Activity: I would like the lines below, from the one with "Craig Beaubien and" through the one with "May include: Cream-colored", copied exactly and without any pictures.

Provided records:
┄┄┄┄┄┄┄┄┄┄
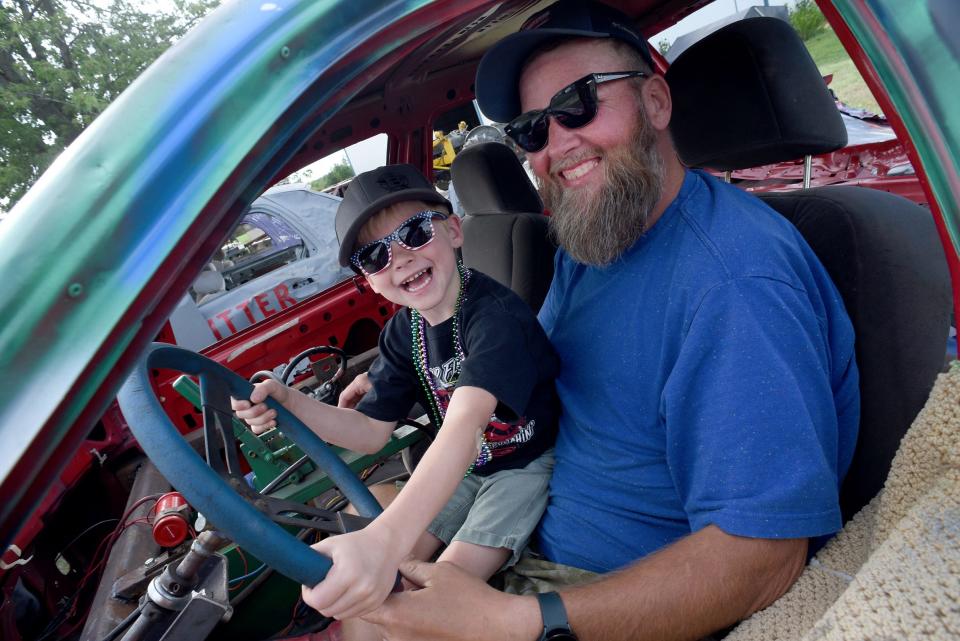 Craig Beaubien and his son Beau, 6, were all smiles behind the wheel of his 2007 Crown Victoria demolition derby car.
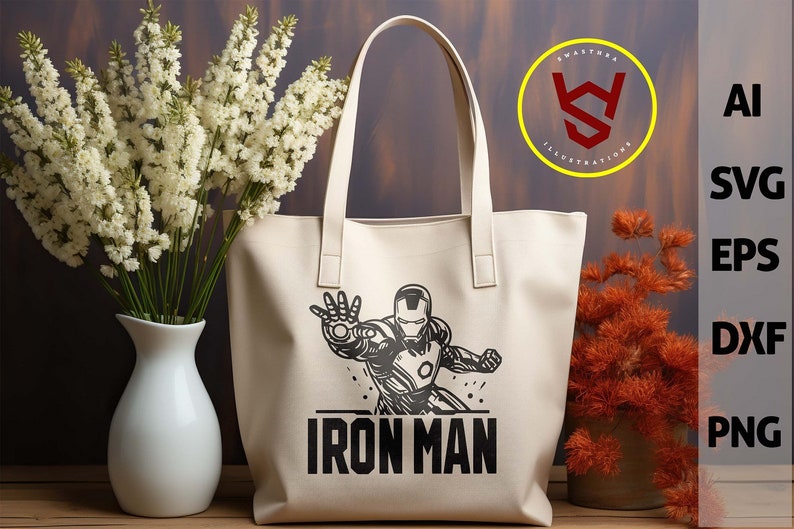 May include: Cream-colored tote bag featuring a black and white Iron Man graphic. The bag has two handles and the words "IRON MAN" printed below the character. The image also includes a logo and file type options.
┄┄┄┄┄┄┄┄┄┄
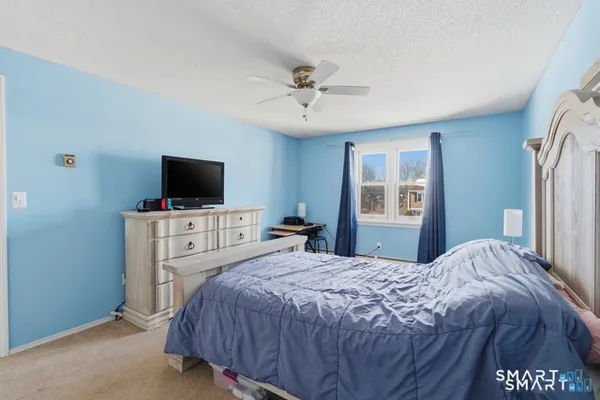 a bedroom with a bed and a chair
┄┄┄┄┄┄┄┄┄┄
Response below:
 Craig Beaubien and his son Beau, 6, were all smiles behind the wheel of his 2007 Crown Victoria demolition derby car.
 May include: Cream-colored tote bag featuring a black and white Iron Man graphic. The bag has two handles and the words "IRON MAN" printed below the character. The image also includes a logo and file type options.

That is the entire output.